А потом, то ли потому, что не хотела оставлять его одного, то ли не знала, как это сделать, настояла на том, чтобы показать ему старый холодильник, заставленный бутылками с питьевой водой (ну почему она не удосужилась заменить потрескавшуюся резину), контейнер со льдом («Джастин, подставь его под кран, кубик сразу и выскочит»), пластиковый электрический чайник, который ненавидела, бумажную коробочку с пакетиками чая «Тетли», жестянку с сахарным печеньем, на случай, если гостю захочется заморить червячка ночью, с Сэнди такое бывает, хотя врачи и говорят, что ему надо худеть. И, наконец (слава богу, хоть что-то она сделала правильно), вазу с великолепным разноцветным львиным зевом, цветами, которые она вырастила, следуя его инструкциям.
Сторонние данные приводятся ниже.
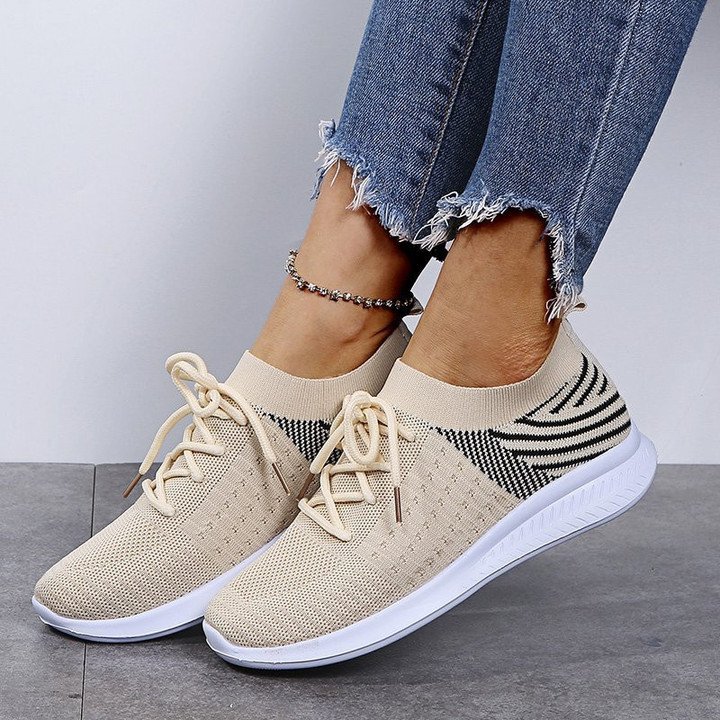 Stilvolle orthopädische Lyra Damen-Sneakers für bequemen Alltagslook und Fussgesundheit.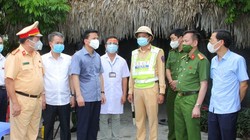 Ủy viên TƯ Đảng, Bí thư Tỉnh ủy, Chủ tịch HĐND tỉnh Thanh Hóa Đỗ Trọng Hưng (thứ 3 trái qua) kiểm tra công tác phòng chống dịch Covid-19 tại thị xã Nghi Sơn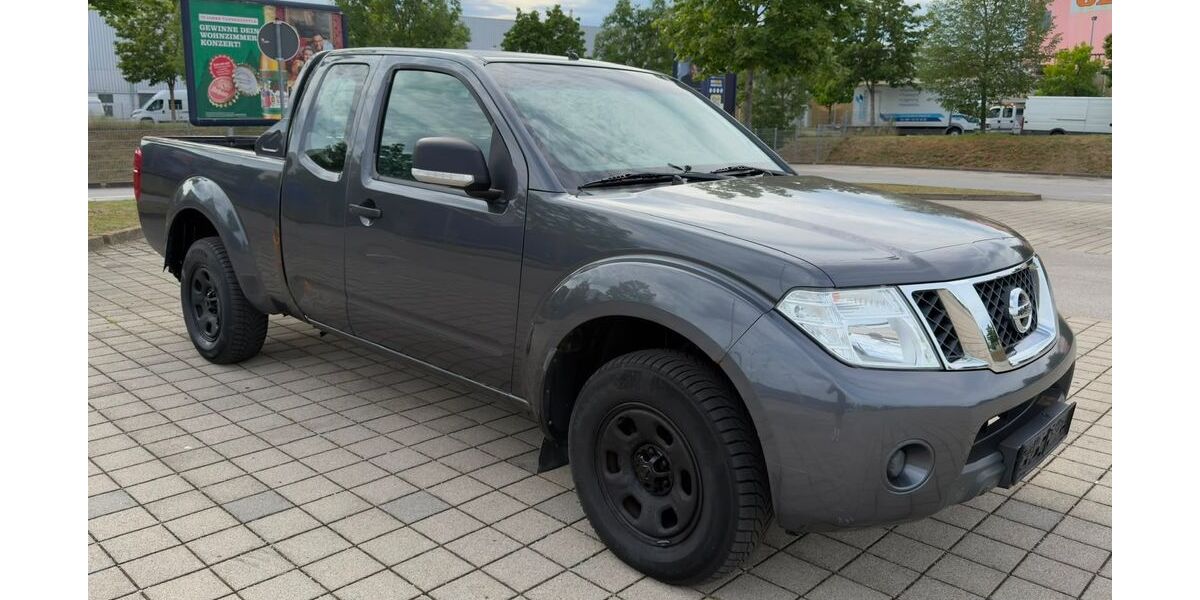 Nissan Navara 109.000 km 8.990 &euro; München 81243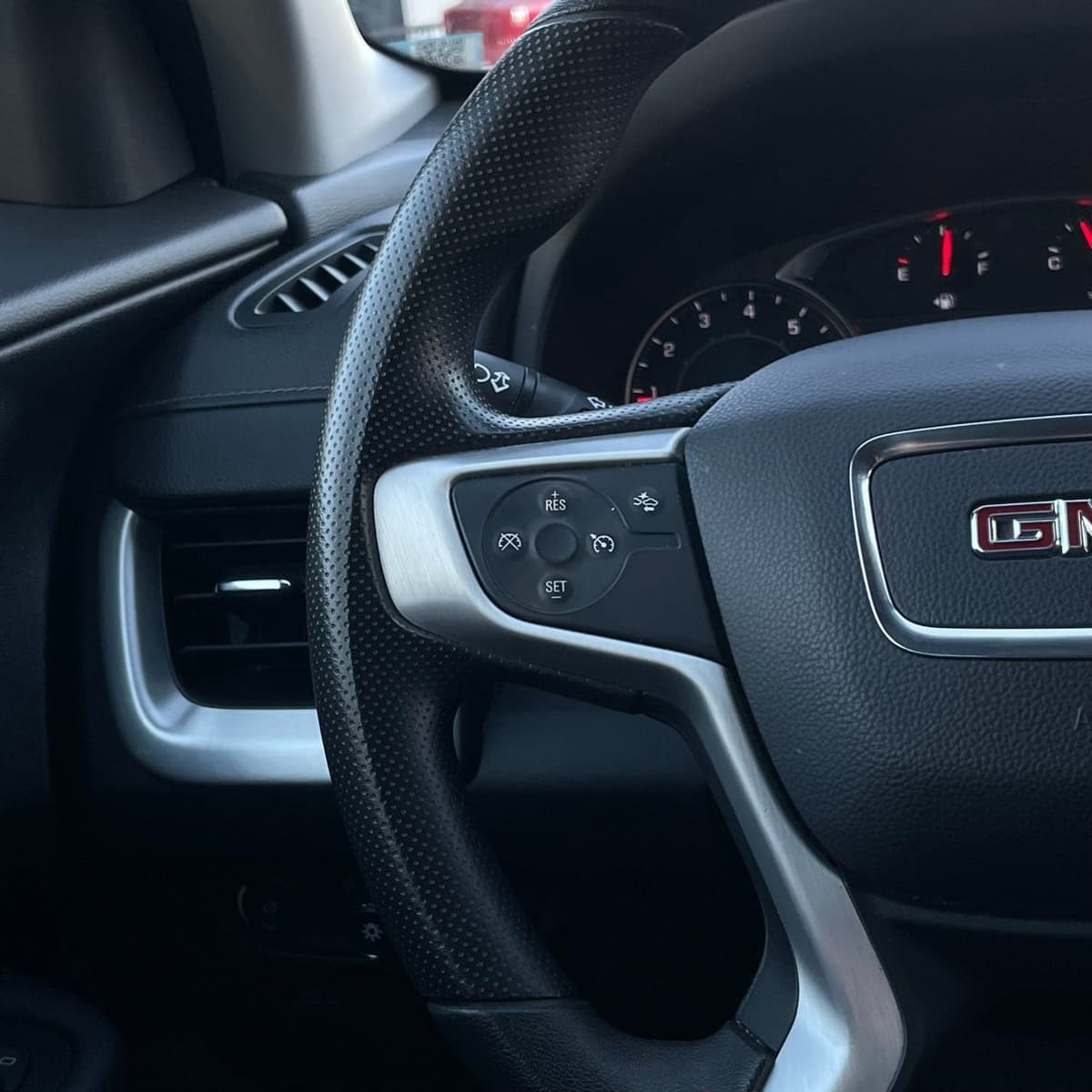 2024 GMC Terrain - Image 13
– Вот и славненько, оставляю тебя, чтобы ты мог немного отдохнуть, – и уже у самой двери, к своему стыду, осознала, что не сказала ни слова о его утрате. – Джастин, дорогой…
– Спасибо, Глория, вот этого не надо, – с неожиданной твердостью прервал ее Джастин.
Лишенная возможности выразить сочувствие, Глория попыталась перейти к более практичным делам.
– Наверх поднимайся, когда у тебя возникнет такое желание, дорогой. Обед в восемь, теоретически. Если раньше захочется выпить, не стесняйся. Делай, что тебе заблагорассудится. Или ничего. Одному богу известно, когда появится Сэнди.
Выполнив свой долг, она поднялась в спальню, приняла душ, переоделась, накрасилась, заглянула к детям, которые готовили уроки. Испуганные близостью смерти, они демонстрировали крайнее усердие, а может, притворялись.
– Он выглядит ужасно грустным? – спросил Гарри, младший из сыновей.
– Вы встретитесь с ним завтра. Пожалуйста, будьте вежливыми и серьезными. Матильда сделает вам гамбургеры. Есть будете в игровой комнате, а не на кухне, понятно? – и тут же добавила: – Он очень милый, мужественный человек, так что отнеситесь к нему с уважением.
Спустившись в гостиную, она, к своему удивлению, обнаружила там Джастина. Он согласился выпить виски с содовой, себе она налила белого вина и опустилась в кресло, в котором обычно сидел Сэнди, только о муже она сейчас не думала. Какое-то время, она понятия не имела, сколько именно, оба молчали, и Глория чувствовала, как окружающая их тишина становится все звонче и звонче. Джастин маленькими глотками пил виски. Глория, к своему облегчению, отметила, что он не подхватил новую привычку, которая так раздражала ее в Сэнди: пить виски закрыв глаза и надувая губы, словно его дали на пробу. Со стаканом в руке Джастин отошел к французскому окну, выходящему в залитый светом сад: освещали его двадцать ламп мощностью в 150 ватт каждая. Их блеск подсветил и одну щеку Джастина.
– Может, так все и думают, – внезапно произнес он, продолжив разговор, которой они не вели.
– Ты о чем, дорогой? – спросила Глория, не зная, обращается ли он к ней. Но не удержалась от вопроса, поскольку понимала, что ему надо с кем-то поговорить.
– О том, что тебя любят, каким ты кажешься, а не таким, какой ты на самом деле. Что ты мошенничаешь. Воруешь любовь.
Глория и представить себе не могла, что кто-то так о нем думал, наоборот, не сомневалась, что такие мысли никому не приходили в голову.
– Не говори глупостей, Джастин, – отчеканила она. – Ты – один из самых искренних людей, которых я знаю. И всегда был таким. Тесса обожала тебя, и по-другому просто быть не могло. Ей очень повезло в том, что она встретила тебя.